Un roman psychologique captivant.

*
La seule belle saison, chez nous, c’est l’automne, observa Tàlas en hochant la tête. L’automne, long, régulier, l’automne hongrois… [p. 20]
NOTE | Semaine hongroise : Marilyne et moi avons découvert Dezsö Kosztolányi ensemble, avec Alouette et ce Cerf-volant d’or.

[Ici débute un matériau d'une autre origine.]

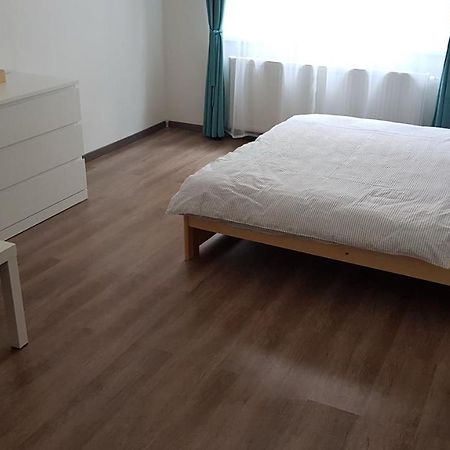 Apartman Pod Zamkem Decin Eksteriør bilde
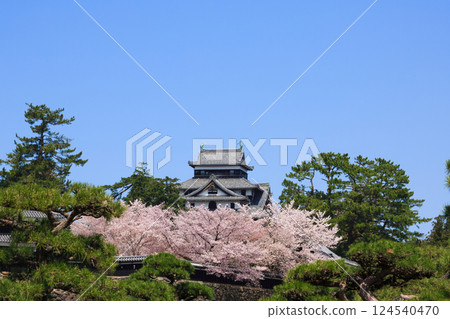 <Shimane Prefecture> Matsue Castle in spring: South, middle, and drum towers and the castle tower (April) 124540470
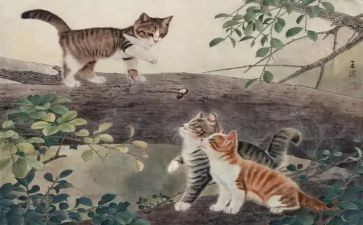 关于猫的读后感精选8篇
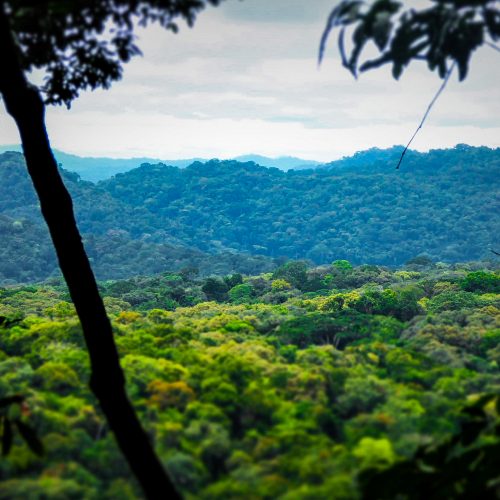 Rainforest landscape in the Gola Rainforest project.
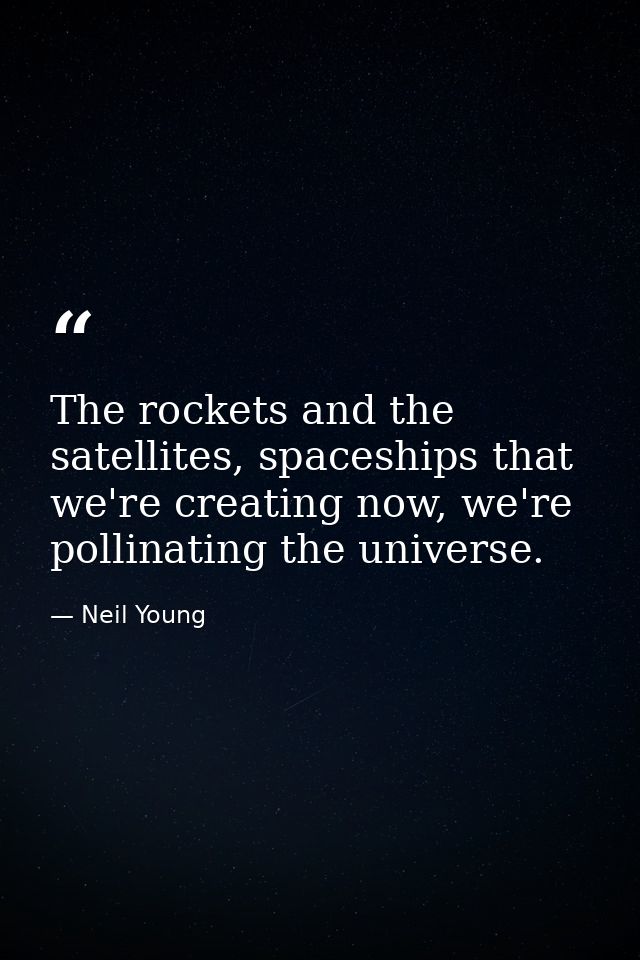 The rockets and the satellites, spaceships that we're creating now, we're pollinating the universe. — Neil Young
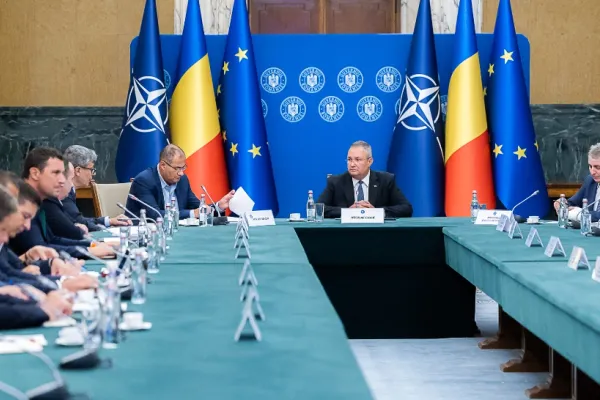 Anchetă explozivă după ce Guvernul a plafonat prețul lemnului de foc - Mafia pădurilor, ajutată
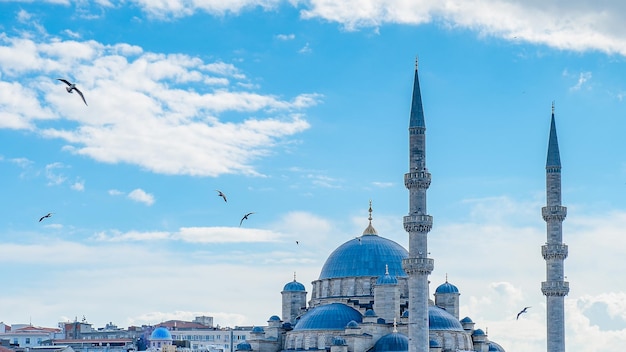 Bella moschea di Istanbul circondata da gabbiani.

Le cerf-volant d'or - KOSZTOLÁNYI Deszö

Le cerf-volant d’or de Dezsö Kosztolányi, traduit du hongrois et postfacé par Eva Vingiano de Piña Martins

Viviane Hamy (Paris), coll. bis, 2011

1re publication (Hongrie) : 1925
1re traduction française (Viviane Hamy) : 1993

4 commentaires:

  1. En te lisant, je me rends compte que nous avons eu la même belle lecture de D.Kosztolanyi, avec pourtant des titres différents : les portraits psychologiques, l'écriture qui ne néglige ni le contexte, ni les décors, ni les personnages secondaires, le lecteur touché sans que l'auteur n'est porté de jugement... ( et la quatrième de couverture bavarde ! ). Ravie d'avoir enfin lu D.Kosztolanyi, et ce en ta compagnie :)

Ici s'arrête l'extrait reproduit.